Saturday 30 April 2016

Feedback - On YOU or the Other?



What years of feedback on me has taught me about the other

Every frame of reference is from within. In the ultimate analysis, our brains are wired for that which rewards or that which punishes: the pleasure seeking impulse drives our action. Buddha asked us to observe our own thoughts: that which we found ourselves ‘attracted to’ or those we were ‘repulsed’ from. In short, liking or disliking is fundamental to our nature. True bliss lies in equanimity.

If then every frame of reference is personal to the observer, then as J. Krishnamurthy, avers, the observer is the observed itself. We describe others with filters, around lenses we ‘like’ or ‘dislike’. Someone would appear confident or cocky, someone slow and deliberate, while others may view this as tentative and unsure. There is no ultimate reality: only facets of that reality.

Through years of receiving feedback or working with people giving feedback I have learnt, that when one gives feedback to another, one is also providing feedback on the feedback giver itself. It points out to his/ her valuation process. What is it that the feedback values most: in its presence and in its absence.

Reflect back on feedback you received from your boss for instance or a critical stakeholder. Do you recognize that much of the feedback is from his/her lens of what is important for them to see more of/less of. Or when you provide feedback to your direct report are you not sharing what matters to you most. Don’t get me wrong: the feedback is about YOU, but it does reveal the interface that would now be required to improve the quality of engagement. Once you recognize this phenomena, you will be able to understand people much better around you. And to cater to their specific needs to improve that engagement.

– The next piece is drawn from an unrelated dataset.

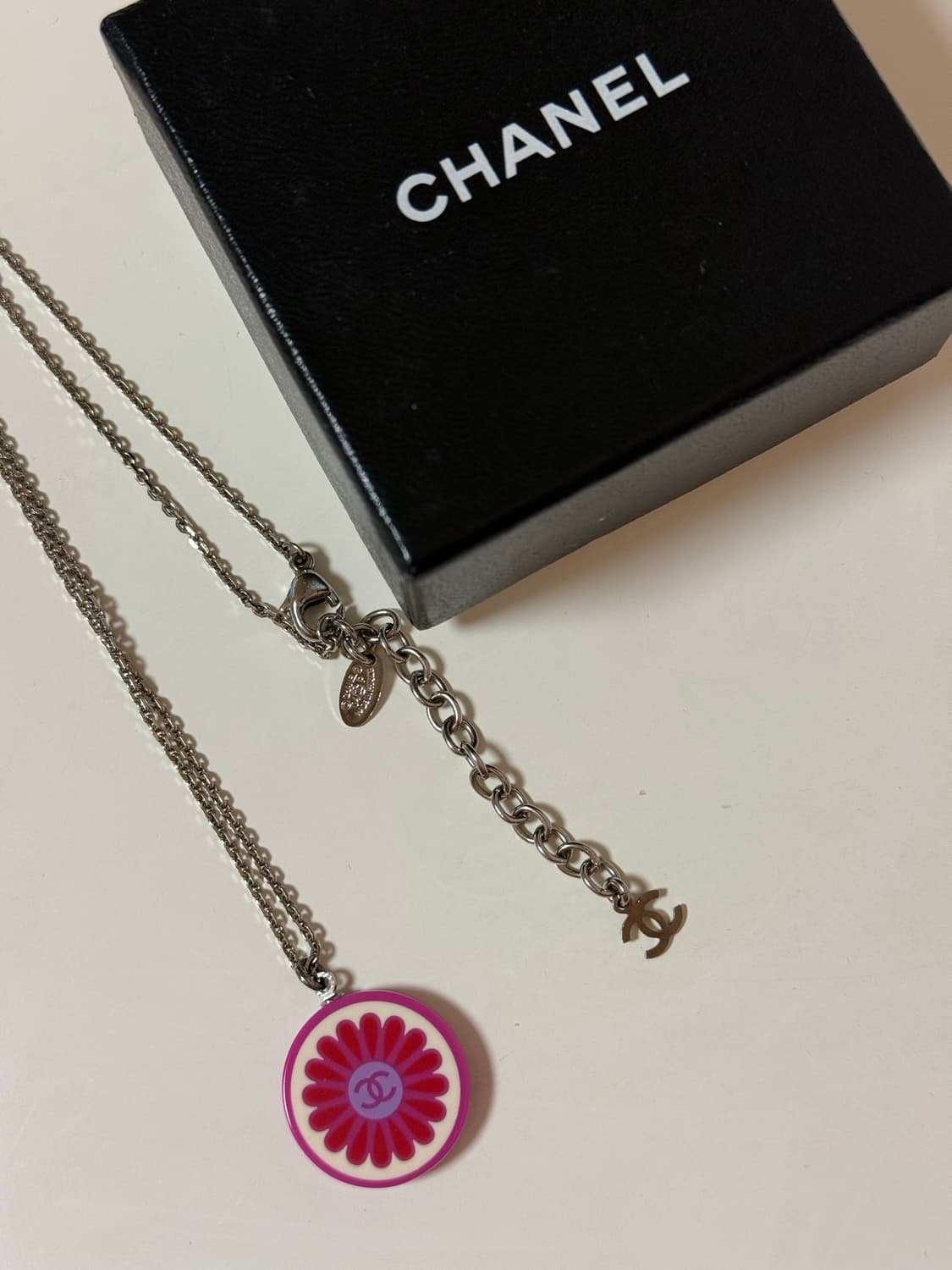 샤넬 플라워 cc로고목걸이(핑크) 상품이미지3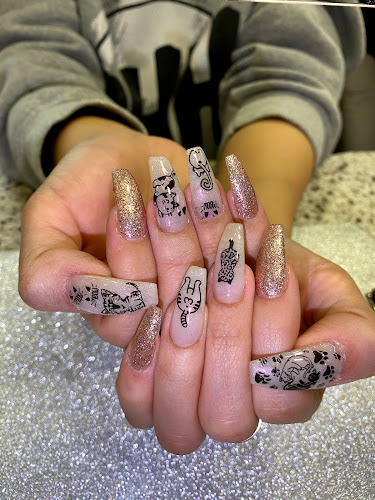 De Luxe Nails Lounge interior view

Feedback is then more about knowing others, rather than just knowing about you.  In every comment, there is the said, then the unsaid, and the edited. Are you aware of all three? To every question you are asked, the questioner has already a favored answer: are you aware of what that is.

Feedback is from expectation from the other: either met or unmet. Expectations always fall short. As long as there is expectation disappointment will follow. As truly, as how Sunrise follows Sunset. Feedback comes from a notion, a phantasy, an imagined. It is only with acceptance that expectations drop. Feedback is about, what is it, that I want to see as an image that I agree with, expect. And from you.

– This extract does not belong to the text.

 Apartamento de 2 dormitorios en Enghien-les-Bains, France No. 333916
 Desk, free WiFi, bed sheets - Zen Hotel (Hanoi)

Right from birth, we have received feedback, most of it, non-verbally. From the way we were picked up at birth, held, offered gifts and responded to. We unconsciously picked these cues and adhered. What we are, seemed not to matter: what mattered is what was acceptable in us. That lesson we learnt quickly and since then we have adapted. And we have been adapting ever since.

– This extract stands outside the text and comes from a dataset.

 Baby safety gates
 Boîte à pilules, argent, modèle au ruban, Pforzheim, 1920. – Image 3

We have learnt to distrust: the advice, be yourself. Instead, we have created a persona: a special mask for each occasion.

Think about this the next time you receive or give feedback: who is it about?

Thursday 28 April 2016

What are you really sure of?

What are you really sure of?

Some years ago on one of my meditation camps we were encouraged to select a person in the crowd, sit with him/her, and continue to dialogue with the other just one question, “ Who are you?” 

As you began answering the question, the same question would be repeated, ‘who are you?’ and so on.  It soon became obvious to me, that all the answers I provided were more around, ‘What I am?’ than to ‘who I was’. I could describe a name, a role in an organization, adjectives to describe relationships with other people, some values I held very dear to me. As the same question repeated itself on and on, I began to experience myself conjecture opinions about myself: beliefs I held about myself. But sadly, these were just beliefs: I doubted deeply whether they were true. Like when I once replied, “I am part of the deep consciousness”, was that something I knew, or believed in. What was I really sure of?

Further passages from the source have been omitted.